EXERCISE INSTRUCTIONS
First find the line with "Srebrny toster z" in the entries below, then set down exactly every line through the line with "Elliatt - Marissa", that line included.

Caption-style text data
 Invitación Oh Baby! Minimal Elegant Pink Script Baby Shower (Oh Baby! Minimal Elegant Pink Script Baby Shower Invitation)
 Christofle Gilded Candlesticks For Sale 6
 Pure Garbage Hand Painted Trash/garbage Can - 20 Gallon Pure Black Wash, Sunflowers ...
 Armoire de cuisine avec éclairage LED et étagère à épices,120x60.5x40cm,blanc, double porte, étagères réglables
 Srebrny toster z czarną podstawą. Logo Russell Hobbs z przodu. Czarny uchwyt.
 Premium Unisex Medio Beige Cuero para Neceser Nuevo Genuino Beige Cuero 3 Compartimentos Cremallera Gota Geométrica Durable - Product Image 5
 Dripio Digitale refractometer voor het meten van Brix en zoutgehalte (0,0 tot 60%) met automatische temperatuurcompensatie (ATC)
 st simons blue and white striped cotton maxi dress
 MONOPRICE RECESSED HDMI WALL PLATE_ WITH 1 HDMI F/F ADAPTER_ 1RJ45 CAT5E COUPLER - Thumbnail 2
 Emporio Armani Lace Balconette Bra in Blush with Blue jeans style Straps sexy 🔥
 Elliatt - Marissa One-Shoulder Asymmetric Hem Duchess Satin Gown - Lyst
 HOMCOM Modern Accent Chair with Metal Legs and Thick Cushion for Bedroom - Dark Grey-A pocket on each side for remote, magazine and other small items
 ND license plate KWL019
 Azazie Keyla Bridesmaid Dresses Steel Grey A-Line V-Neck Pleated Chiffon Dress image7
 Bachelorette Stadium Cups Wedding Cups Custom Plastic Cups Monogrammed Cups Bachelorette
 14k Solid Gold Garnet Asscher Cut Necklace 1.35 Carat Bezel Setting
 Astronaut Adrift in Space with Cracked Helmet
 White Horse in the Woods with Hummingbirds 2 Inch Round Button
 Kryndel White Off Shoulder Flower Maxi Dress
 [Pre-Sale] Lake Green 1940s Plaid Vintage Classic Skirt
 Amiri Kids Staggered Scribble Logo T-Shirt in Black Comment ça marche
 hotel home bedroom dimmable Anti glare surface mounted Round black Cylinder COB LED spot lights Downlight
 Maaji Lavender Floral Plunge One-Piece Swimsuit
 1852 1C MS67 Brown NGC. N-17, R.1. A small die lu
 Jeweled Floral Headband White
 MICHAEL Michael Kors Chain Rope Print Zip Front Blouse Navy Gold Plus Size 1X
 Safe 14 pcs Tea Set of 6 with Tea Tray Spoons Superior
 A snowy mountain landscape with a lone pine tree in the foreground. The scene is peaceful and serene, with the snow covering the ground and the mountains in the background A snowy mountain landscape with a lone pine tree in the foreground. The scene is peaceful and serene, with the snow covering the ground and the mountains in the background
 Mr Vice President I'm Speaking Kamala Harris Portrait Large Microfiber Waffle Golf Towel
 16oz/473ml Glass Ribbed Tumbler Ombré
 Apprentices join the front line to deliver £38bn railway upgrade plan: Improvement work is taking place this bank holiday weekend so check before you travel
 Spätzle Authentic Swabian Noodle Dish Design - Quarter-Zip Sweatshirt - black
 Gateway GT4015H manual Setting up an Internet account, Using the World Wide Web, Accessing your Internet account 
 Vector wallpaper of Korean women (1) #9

TASK SOLUTION
 Srebrny toster z czarną podstawą. Logo Russell Hobbs z przodu. Czarny uchwyt.
 Premium Unisex Medio Beige Cuero para Neceser Nuevo Genuino Beige Cuero 3 Compartimentos Cremallera Gota Geométrica Durable - Product Image 5
 Dripio Digitale refractometer voor het meten van Brix en zoutgehalte (0,0 tot 60%) met automatische temperatuurcompensatie (ATC)
 st simons blue and white striped cotton maxi dress
 MONOPRICE RECESSED HDMI WALL PLATE_ WITH 1 HDMI F/F ADAPTER_ 1RJ45 CAT5E COUPLER - Thumbnail 2
 Emporio Armani Lace Balconette Bra in Blush with Blue jeans style Straps sexy 🔥
 Elliatt - Marissa One-Shoulder Asymmetric Hem Duchess Satin Gown - Lyst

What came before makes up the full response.